When I return from the holiday weekend, I’m probably going to glance at a calendar and say to myself, “What the … there’s still that much November left?” Somewhere along the way I had the mistaken assumption that Thanksgiving always fell on that last weekend of the month. Well, that was once the case.
Despite its longstanding association with the Pilgrims, the federal holiday as we know it now is largely a creation of two U.S. presidents: Abraham Lincoln and Franklin Delano Roosevelt. If you really want to be old school you can say you celebrated “Franksgiving” last Thursday and celebrate Thanksgiving this coming Thursday. But good luck getting out of work on that one.

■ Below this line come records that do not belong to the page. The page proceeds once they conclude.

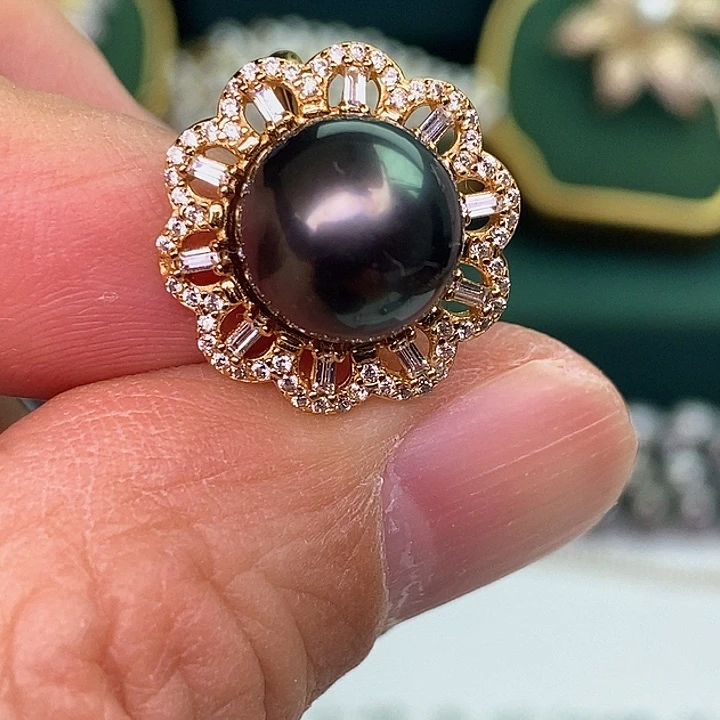 银S925镶嵌戒指海水珍珠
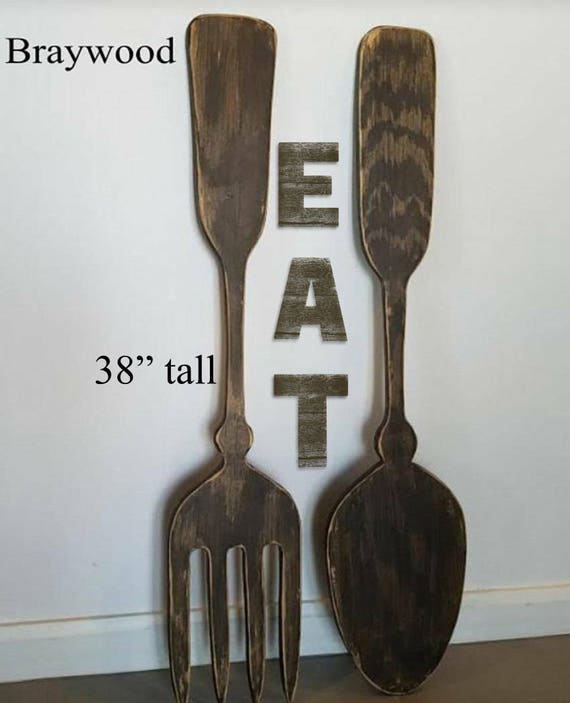 Large Wood Fork And Spoon Wall Decor Handmade Kitchen Decor Etsy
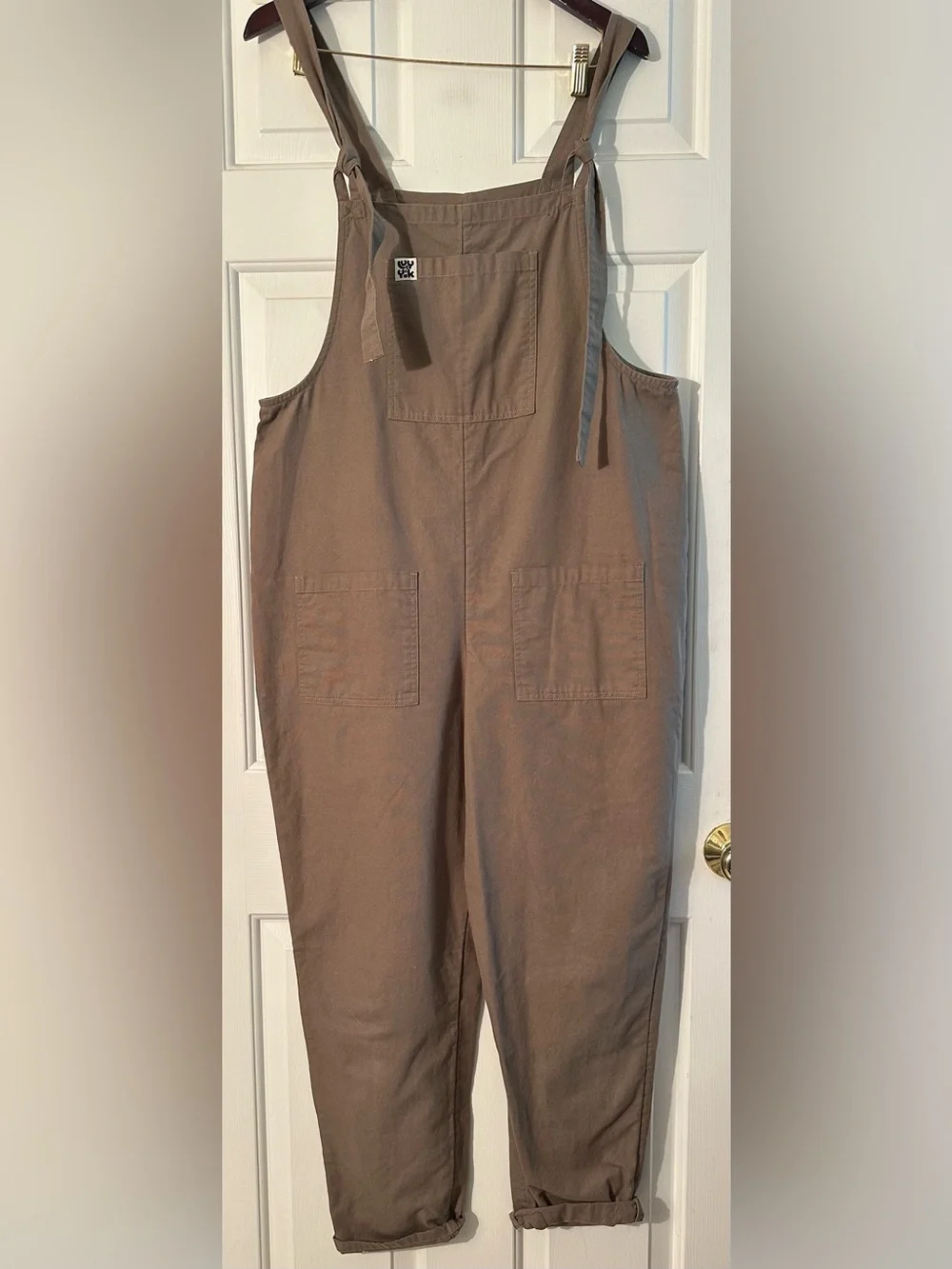 LUCY & YAK 6/8 Streetwear Utility Organic Cotton Jumpsuit Overalls Cappuccino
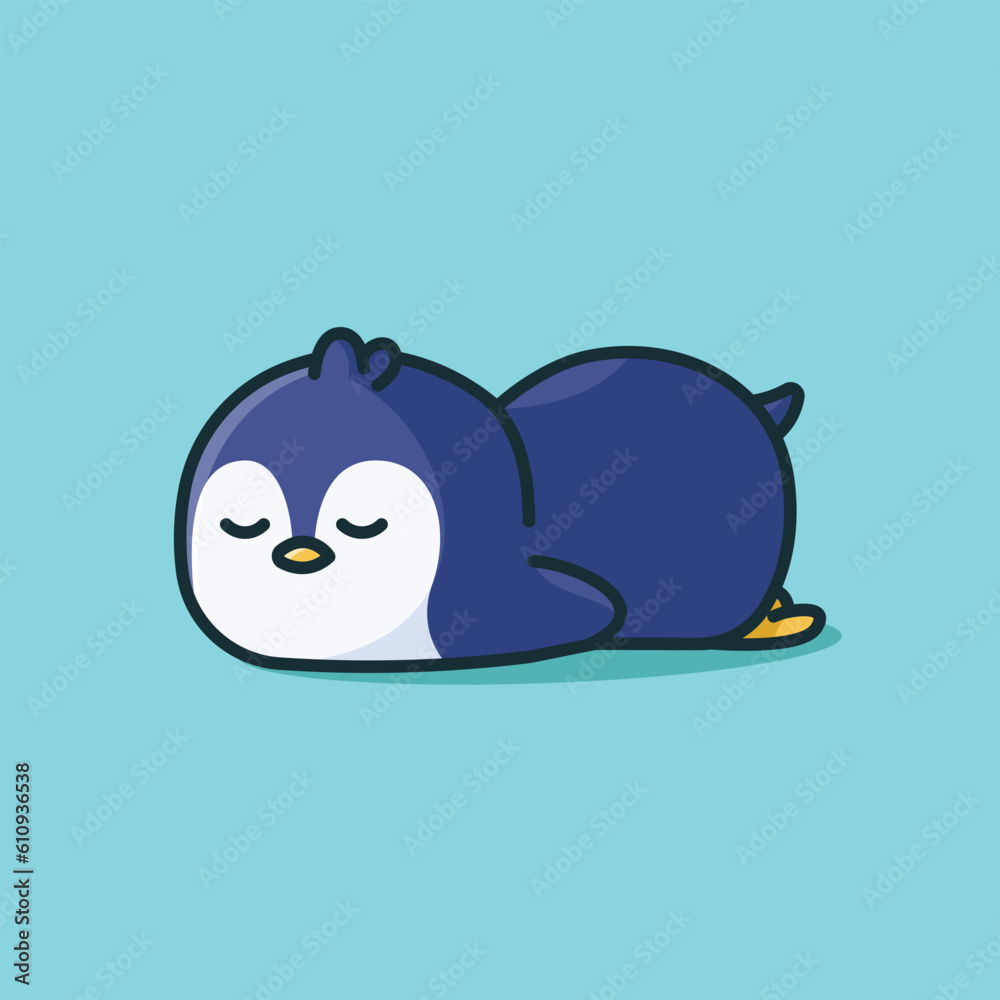 Fototapeta premium Cute sleeping penguin cartoon design illustration
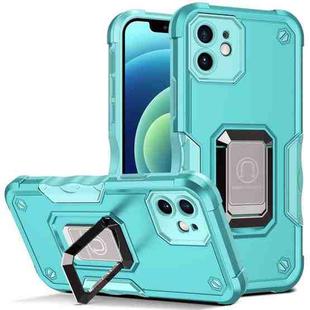 For iPhone 12 Ring Holder Non-slip Armor Phone Case(Mint Green)
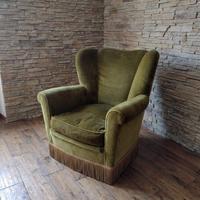 Coppia poltrone legno tessuto anni 50’  vintage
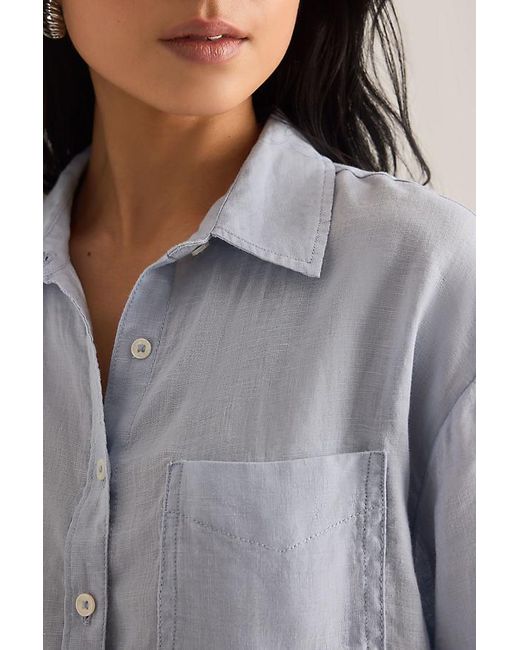 Maeve Gray The Shrunken Bennet Linen Buttondown Shirt By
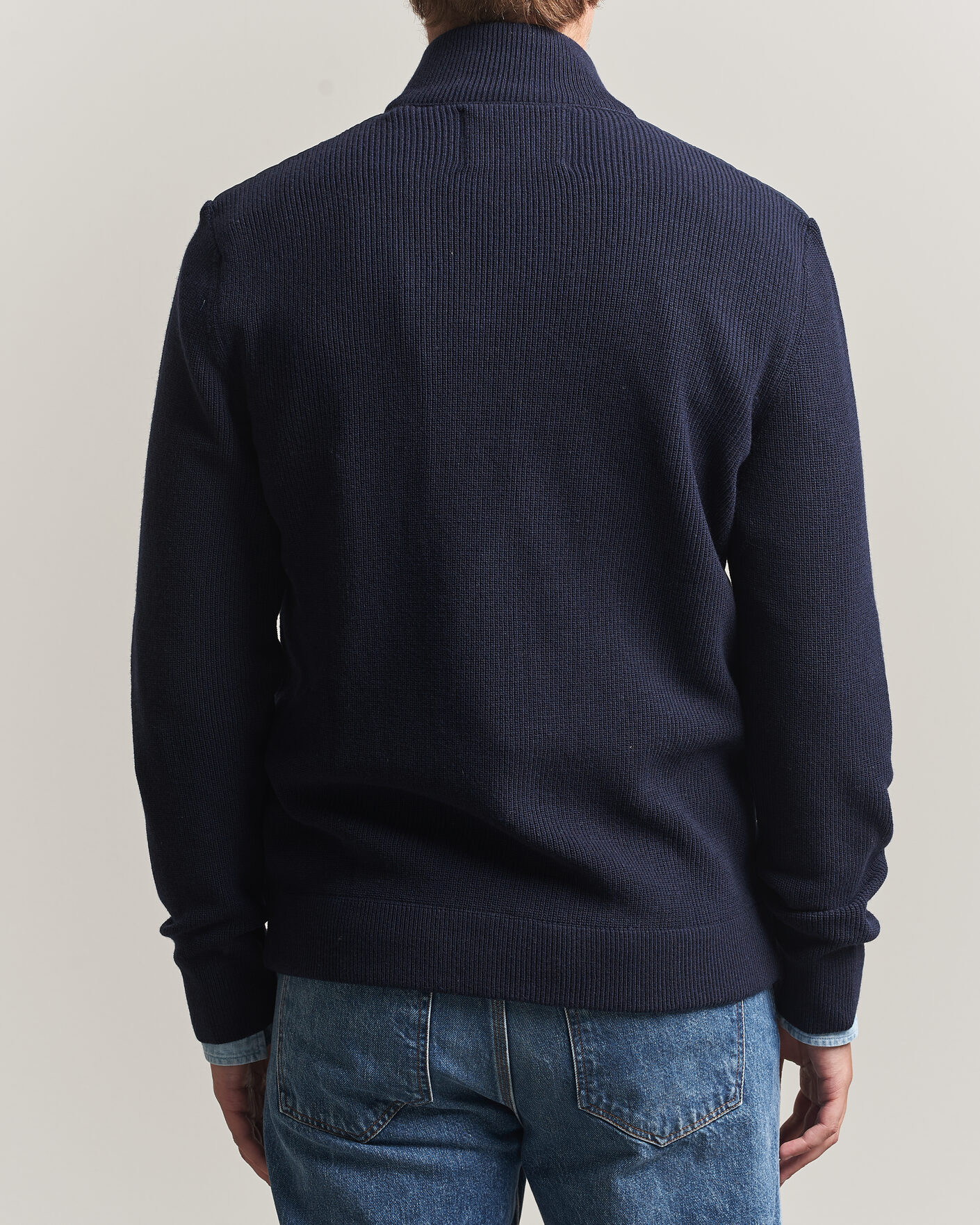 Herr | Tröjor | Gant | Hybrid Full Zip Evening Blue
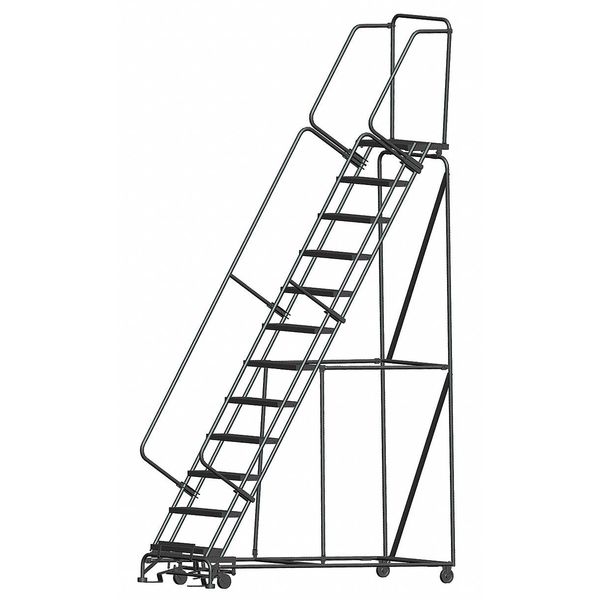 153 in H Steel Rolling Ladder, 12 Steps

Presidents typically made Thanksgiving proclamations from Lincoln's time on, though Lincoln and Roosevelt arguably made their own proclamations during the most forbidding times in the country. In 1863, in the midst of the Civil War, Lincoln started the modern Thanksgiving tradition by declaring the last Thursday of November to be a national holiday. This celebration went on uninterrupted each year until 1939, when FDR presided over a country slowly rebuilding from economic collapse and Europe was once again at war only 20 years after the peace that formally ended the "War to End All Wars."
It was the economic situation that led to the first shift in how we celebrate Thanksgiving. With the holiday set to fall on Nov. 30, businesses realized that there wouldn’t be much time to capitalize on the Christmas season. People started shopping on Black Friday back then as well, and a Thanksgiving on the last day of the month meant that already hurting stores would miss out on a week of holiday business.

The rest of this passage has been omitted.